Tony Blair neden fenomen

Hadi ULUENGİN
Haberin Devamı

Tutabilene aşkolsun, Tony Blair aldı başını gidiyor. İngiltere İşçi Partisi liderinin popülaritesi yüzde doksan üç gibi bir üst sınıra dayanmış.

Nitekim Blair performansından öylesine emin ki, Brighton'da yapılan son kongrede İP'nin dört yıl sonraki seçimleri de kazanacağı garantisini verdi.

‘‘Altın çocuk’’, şimdiye kadar hiç iki kez üstüste iktidar olamamış İşçi Partisi'ni Downing Sokağındaki başbakanlık konutuna yerleştirmeyi hesaplıyor.

Hatta, muhtemelen ‘‘Demir Leydi’’nin rekorunu kırmayı düşünüyor.

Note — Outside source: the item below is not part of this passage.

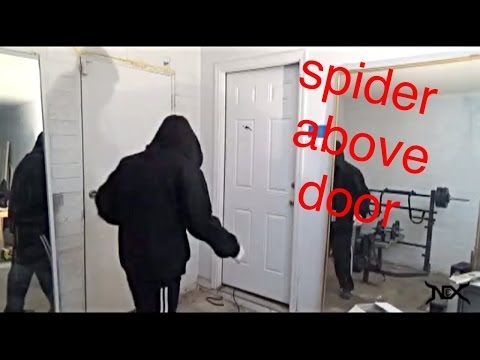 How To Pull Off a Halloween Spider Prank!!! (MUST TRY)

Zaten aslına bakılırsa, zıt kurumları temsil etmelerine rağmen Tony Blair özünde aynı ‘‘Demir Leydi’’nin maddi ve manevi mirasını sahipleniyor.

İP önderi hemen bütün iktisat politikalarında Thatcher'ın ultra liberal reçetelerine başvuruyor. Son özelleştirmeleri bitiriyor, ‘‘İnayetli Devlet’’in bahşettiği güvenceleri sınırlıyor, piyasa kurallarını harfiyen uyguluyor.

Blair'i Margaret Thatcher'dan ayıran iki temel özellik, Londra liderinin AB'ye yakınlaşmasında ve İskoçya ve Galler referandumlarının da ortaya koyduğu gibi, geleneksel Büyük Britanya yapısını modernleştirmesinde odaklaşıyor.

Finans çevresi de bunları onaylıyor. Ekonomi ise zaten tıkırında gidiyor.

Fenomen Tony Blair'in yelkeni şimdi pupadan esen rüzgarlarla doluyor.

* * *

SİZ bakmayın beyin damarları fosilleşmiş bir bölüm meczubun bana ‘‘dönek’’ mönek diye küfürnameler düzmesine, ben kendi hesabıma Blair'den hazetmiyorum.

Çünkü benim mayamda dayanışma, yardım, merhamet, bölüşüm gibi bir dizi insancıl değer var. Bunlardan caymak bana insanlıktan caymak anlamına geliyor.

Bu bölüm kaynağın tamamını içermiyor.